Every eight minutes, one woman in India succumbs to cervical cancer. Around 1.2 lakh women are affected by cervical cancer in India.

Advisory Body Approves Vaccine For Cervical Cancer, But Govt May Still Not Allow It Fearing RSS Opposition
Advisory Body Approves Vaccine For Cervical Cancer, But Govt May Still Not Allow It Fearing RSS Opposition
outlookindia.com
2018-01-25T13:06:38+0530

The highest technical advisory body on vaccination has approved the introduction of the cervical cancer vaccine. The approval, however, may not be of significance as the government is likely to not authorize its use.

The National Technical Advisory Group on Immunisation (NTAGI) decided to accept the recommendation of its subcommittee citing scientific and public health evidence in introducing the vaccine, reported The Indian Express.

The National Technical Advisory Group on Immunisation (NTAGI) had earlier too recommended HPV vaccination in India to prevent cervical cancer, which is the second most common cancer among women in India. However, the union health ministry had decided to shelve the plan to introduce the Human Papilloma Virus (HPV) vaccine after the RSS-affiliate Swadeshi Jagran Manch wrote to Prime Minister Narendra Modi requesting him not to introduce it in the country.
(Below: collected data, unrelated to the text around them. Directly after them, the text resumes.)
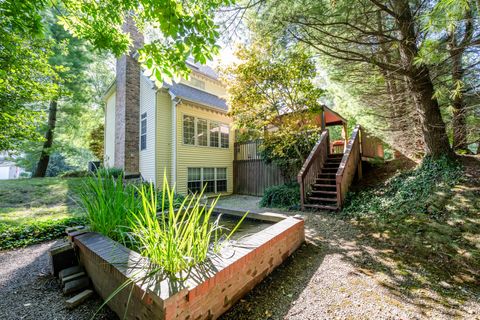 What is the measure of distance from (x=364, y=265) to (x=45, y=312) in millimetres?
3976

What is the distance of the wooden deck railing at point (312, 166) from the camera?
648cm

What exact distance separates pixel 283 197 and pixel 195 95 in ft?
23.1

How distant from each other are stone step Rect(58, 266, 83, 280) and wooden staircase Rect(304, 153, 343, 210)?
552 centimetres

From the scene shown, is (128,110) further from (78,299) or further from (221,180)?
(78,299)

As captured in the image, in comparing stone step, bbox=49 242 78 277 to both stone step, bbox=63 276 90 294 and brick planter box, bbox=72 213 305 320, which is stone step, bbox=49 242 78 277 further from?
stone step, bbox=63 276 90 294

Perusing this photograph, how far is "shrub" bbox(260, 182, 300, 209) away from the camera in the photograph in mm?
7071

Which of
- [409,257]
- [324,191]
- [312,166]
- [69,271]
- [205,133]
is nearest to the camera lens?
[69,271]

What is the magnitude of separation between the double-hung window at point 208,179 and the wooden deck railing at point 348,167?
19.3 feet

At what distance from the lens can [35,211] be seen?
254 inches

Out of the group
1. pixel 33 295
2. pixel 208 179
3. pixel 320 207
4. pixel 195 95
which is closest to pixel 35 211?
pixel 33 295

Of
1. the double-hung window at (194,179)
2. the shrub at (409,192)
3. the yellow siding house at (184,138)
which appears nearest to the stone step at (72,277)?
the shrub at (409,192)

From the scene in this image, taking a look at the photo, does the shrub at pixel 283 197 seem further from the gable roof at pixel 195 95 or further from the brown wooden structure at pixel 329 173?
the gable roof at pixel 195 95

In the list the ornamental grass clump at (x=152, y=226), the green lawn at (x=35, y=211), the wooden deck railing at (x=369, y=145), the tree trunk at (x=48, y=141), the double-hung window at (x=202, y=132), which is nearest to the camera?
the ornamental grass clump at (x=152, y=226)

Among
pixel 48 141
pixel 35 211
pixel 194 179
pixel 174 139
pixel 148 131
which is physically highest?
pixel 48 141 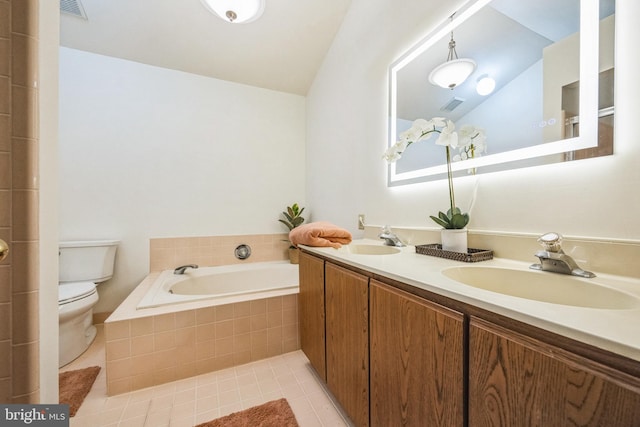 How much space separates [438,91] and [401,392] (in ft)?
4.36

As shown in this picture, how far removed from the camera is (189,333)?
1402 millimetres

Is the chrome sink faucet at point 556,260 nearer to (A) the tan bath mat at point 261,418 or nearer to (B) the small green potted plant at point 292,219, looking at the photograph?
(A) the tan bath mat at point 261,418

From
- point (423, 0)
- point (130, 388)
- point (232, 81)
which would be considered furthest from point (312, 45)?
point (130, 388)

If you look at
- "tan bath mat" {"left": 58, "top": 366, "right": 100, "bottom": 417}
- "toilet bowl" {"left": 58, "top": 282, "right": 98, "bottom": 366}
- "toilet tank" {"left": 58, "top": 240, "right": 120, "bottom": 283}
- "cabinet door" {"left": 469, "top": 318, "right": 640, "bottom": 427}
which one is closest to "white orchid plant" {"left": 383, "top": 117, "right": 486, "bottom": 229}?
"cabinet door" {"left": 469, "top": 318, "right": 640, "bottom": 427}

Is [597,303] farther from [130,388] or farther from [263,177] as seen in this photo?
[263,177]

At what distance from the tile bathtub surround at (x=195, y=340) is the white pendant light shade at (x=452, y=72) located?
156 cm

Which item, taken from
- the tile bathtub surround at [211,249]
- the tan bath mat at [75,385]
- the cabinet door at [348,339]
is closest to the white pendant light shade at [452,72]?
the cabinet door at [348,339]

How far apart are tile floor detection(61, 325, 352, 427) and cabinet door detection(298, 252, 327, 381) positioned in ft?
0.48

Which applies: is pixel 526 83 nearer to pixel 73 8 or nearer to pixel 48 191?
pixel 48 191

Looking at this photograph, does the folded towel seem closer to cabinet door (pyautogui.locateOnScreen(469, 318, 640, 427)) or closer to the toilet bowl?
cabinet door (pyautogui.locateOnScreen(469, 318, 640, 427))

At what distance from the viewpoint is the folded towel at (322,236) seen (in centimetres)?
132

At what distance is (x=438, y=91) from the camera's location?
4.04 ft

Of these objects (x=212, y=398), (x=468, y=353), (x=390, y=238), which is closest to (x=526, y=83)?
(x=390, y=238)

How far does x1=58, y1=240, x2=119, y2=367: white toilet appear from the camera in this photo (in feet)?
4.87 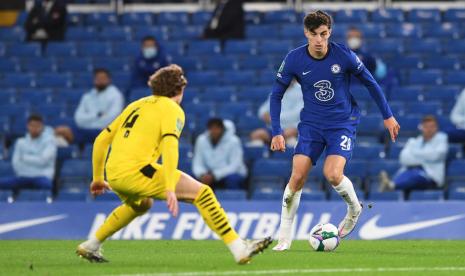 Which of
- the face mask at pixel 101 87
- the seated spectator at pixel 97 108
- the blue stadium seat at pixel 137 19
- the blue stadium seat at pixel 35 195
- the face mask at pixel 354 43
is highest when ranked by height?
the face mask at pixel 354 43

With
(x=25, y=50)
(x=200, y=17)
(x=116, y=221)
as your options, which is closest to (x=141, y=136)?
(x=116, y=221)

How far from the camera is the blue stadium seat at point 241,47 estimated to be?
66.9 feet

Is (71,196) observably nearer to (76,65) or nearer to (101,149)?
(76,65)

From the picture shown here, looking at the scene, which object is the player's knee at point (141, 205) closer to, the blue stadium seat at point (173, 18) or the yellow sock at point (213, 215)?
the yellow sock at point (213, 215)

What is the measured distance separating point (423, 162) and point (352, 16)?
225 inches

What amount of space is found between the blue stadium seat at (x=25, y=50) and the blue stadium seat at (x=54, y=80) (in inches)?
41.1

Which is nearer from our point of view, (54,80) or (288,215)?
(288,215)

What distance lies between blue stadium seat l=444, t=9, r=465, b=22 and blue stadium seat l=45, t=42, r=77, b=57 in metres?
6.46

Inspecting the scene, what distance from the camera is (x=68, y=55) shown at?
21.0 metres

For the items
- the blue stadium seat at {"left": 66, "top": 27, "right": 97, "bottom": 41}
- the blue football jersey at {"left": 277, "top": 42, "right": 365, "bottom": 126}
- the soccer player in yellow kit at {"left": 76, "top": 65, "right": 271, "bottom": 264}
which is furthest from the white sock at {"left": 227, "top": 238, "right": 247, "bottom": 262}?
the blue stadium seat at {"left": 66, "top": 27, "right": 97, "bottom": 41}

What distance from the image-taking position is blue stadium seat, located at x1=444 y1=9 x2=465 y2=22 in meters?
21.2

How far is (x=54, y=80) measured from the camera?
65.9 feet

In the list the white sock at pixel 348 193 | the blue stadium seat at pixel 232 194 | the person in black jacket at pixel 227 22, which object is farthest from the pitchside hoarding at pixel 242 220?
the person in black jacket at pixel 227 22

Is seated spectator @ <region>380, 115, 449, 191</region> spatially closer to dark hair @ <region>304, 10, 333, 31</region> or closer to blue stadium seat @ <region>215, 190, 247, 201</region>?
blue stadium seat @ <region>215, 190, 247, 201</region>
In a letter to PM Modi in December, SJM, economic wing of the RSS, had requested the PM to stop the move to introduce the HPV vaccine in India. The letter had compared those behind the HPV vaccine with those who pervert science and bring ignominy to the scientific community alleging that they sell the country to vested interests.

This time too the government is unlikely to abide by the NGTAI's recommendation.

Every eight minutes, one woman in India succumbs to cervical cancer. Around 1.2 lakh women are affected by cervical cancer in India and the country accounts for around 25% of global deaths due to it.

While the causes of cervical cancer are still debated in the medical community, it is most commonly caused by HPV virus (human papillomavirus), with smoking cigarettes and sexual activity being considered as important factors.

The incidence of cervical cancer has also been observed to increase sharply with age; however, it is increasingly affecting women of 25 to 64 years of age.

Doctors had opposed the health ministry's move. "The prevalence of cervical cancer can be significantly reduced if girls entering teenage are vaccinated early. Vaccine works better on a child and yields effective results. When an adult gets vaccinated, it needs to be done through multiple shots while a child can be immunized with two shots," they said.